Tom’s verlustfreier Audiokompressor (TAK, german for Tom’s lossless audio compressor, he also calls it Tom’s lossless Audio Kompressor sometimes) is a lossless audio compressor which promises compression performance similar to Monkey’s Audio “High” and decompression speed similar to FLAC. The codec also supports streaming (necessary headers for decompressing the audio are written to the stream every 2 seconds), error tolerance (single bit error will never affect more than 250 ms) and detection with checksums in compressed audio streams. While the basic format is ready and safe to use, many features such as internal tagging, playback support for other players are yet to be implemented.

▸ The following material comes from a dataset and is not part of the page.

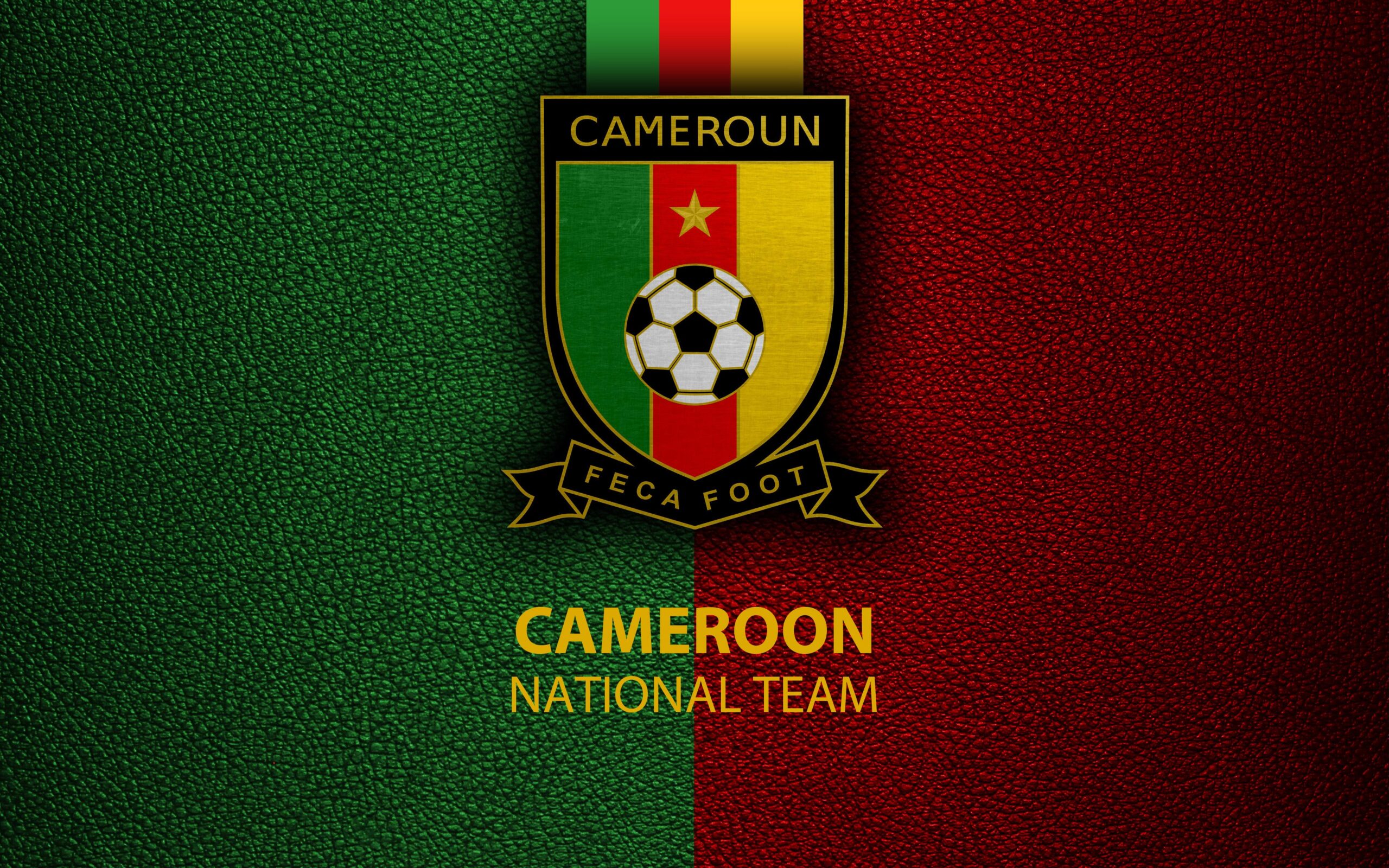 Cameroon National Football Team k Ultra 2K Wallpapers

The reference implementation are two Windows applications – one with graphical and one with command line interface – currently written in Pascal with Assembler optimizations.

Contents

[edit] Features

The current reference binary offers six presets with different levels of complexity (“Turbo”, “Fast”, “Normal”, “High”, “Extra” and “Insane”) that can be combined with two levels of extra evaluation (“Extra” and “Max”) for some additional compression sacrificing only compression time.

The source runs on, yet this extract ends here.